Jose Altuve is having a rough go of things at the plate in this postseason. He went 0-for-4 Thursday night which means his postseason batting average remains, after five games, a Blutarski with the decimal point moved a space to the left: point-zero-zero-zero.
He is 0-for-23. No man had ever started a postseason 0-for-23. This should be a source of great delight for the Yankees, and sheer bliss for their fans. Altuve looks lost at the plate, flailing, swinging out of his shoes, unable to muster anything out of the leadoff spot. That should be dreadful news for the Astros.
It has not been dreadful news for the Astros. The Astros are 5-0 in this postseason. They are 2-0 against the Yankees in this American League Championship Series, even though Altuve is 0-for-23, even though Yordan Alvarez was hitless until an eighth-inning flare Thursday. They beat the Yankees, 3-2, Thursday night, and their two best players have yet to be heard from.
This being Houston, not only has Altuve not been booed, but he became, for a few odd, uncomfortable moments, the unmistakable object of one overenthusiastic (and almost certainly overserved) fan’s attention. He sprinted onto the field just as Ryan Pressly was finishing his warm-up pitches in the top of the ninth, dashed straight to Altuve.
He was wearing a No. 7 Craig Biggio jersey. He wanted a hug.
Altuve hugged him. Somehow, Altuve kept smiling.

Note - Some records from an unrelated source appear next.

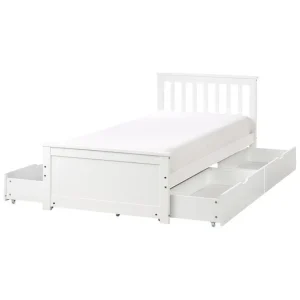 Begränsat erbjudande Säng med förvaringslådor Olendon Vit, 90x200 cm, 4 Vit, 90x200 cm, 4 - Möbler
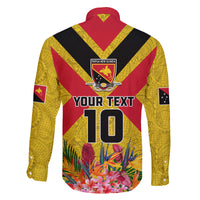 Custom Papua New Guinea Rugby Family Matching Mermaid Dress and Hawaiian Shirt Bird of Paradise and Hibiscus Polynesian Pattern Yellow Color LT03
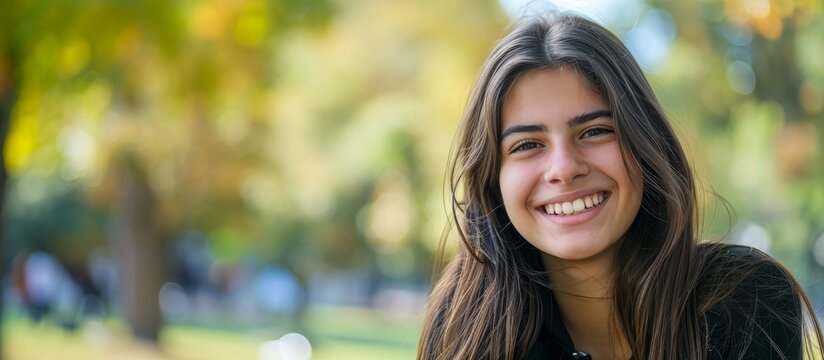 Attractive brunette teenager smiles in a park, portraying happiness and wellbeing.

“I spent all of my money on the game. We need to win,” the fan said, immune to the irony that he was doing his best to compromise that, icing Pressly who icily stared at him.
“Yes, we will,” Altuve promised.
The fan asked if he could take a selfie. Altuve agreed because, what, are you going to say to a stranger who has hugged you in front of 41,700 people and — oh by the way — may not be quite right? But before the Hallmark moment could be snapped into his iPhone forever, security guards arrived and tackled him like J.J Watt.

“I saw him and saw he was wearing an Astros jersey,” Altuve would say later, “and I was like: ‘OK. I’m fine.’ ”
Maybe Altuve wanted to enjoy one final moment of hometown affection before stepping into the cauldron that awaits him this weekend, in The Bronx, where the local baseball citizenry will not exactly be in a hugging mood, and there will be exactly zero compassion on sale at any Yankee Stadium concession stand.
No. The emotion of choice will be fury, and the vessel will be a serenade that’ll be sure to include the choicest of the seven words George Carlin said you can’t utter on television. Yankees fans can’t help themselves when it comes to Altuve, even if they know better, even if the one way you may roust Altuve from his postseason squalor is by treating him like a common thief.
To Yankees fans, that’s what he is (even though Altuve has steadfastly maintained that while he was aware of the Astros’ garbage-can shenanigans, he never benefited from them). He helped heist the 2017 pennant from the Yankees. He all but snuck into Aaron Judge’s apartment and lifted the ’17 MVP plaque.
These should be the best of times for Yankees fans because few things should enchant them more than seeing Altuve scuffle. His final at-bat Thursday, Altuve hit a scorching line drive off Jonathan Loaisiga that was ticketed for right field until Gleyber Torres got his glove on the short hop as he fell to the dirt, then started a 4-6-3 DP.

That should’ve been pure bliss.
But there is nothing blissful about being down 0-2 to the Astros, the Yankees’ blood rival, even if Altuve — public enemy No. 1 — was nice enough to remove Dal Maxvill from the record books after 54 years, Maxvill having started the 1968 World Series 0-for-22 for the Cardinals.
Another famous 00000000ctober slide belonged to Gil Hodges, 0-for-21 for the 1952 World Series. When his slump continued into the next year, people all over Brooklyn — even the atheists and the agnostics — were asked to pray for Hodges, and they did.
There will be no prayers for Altuve in The Bronx this weekend. We could gently suggest that Yankee Stadium should let sleeping dogs lie, let Altuve be. But we know better. And if you have a seat in the left-field stands for any of the games, you would be wise to bring your mitt. Because you know better, too.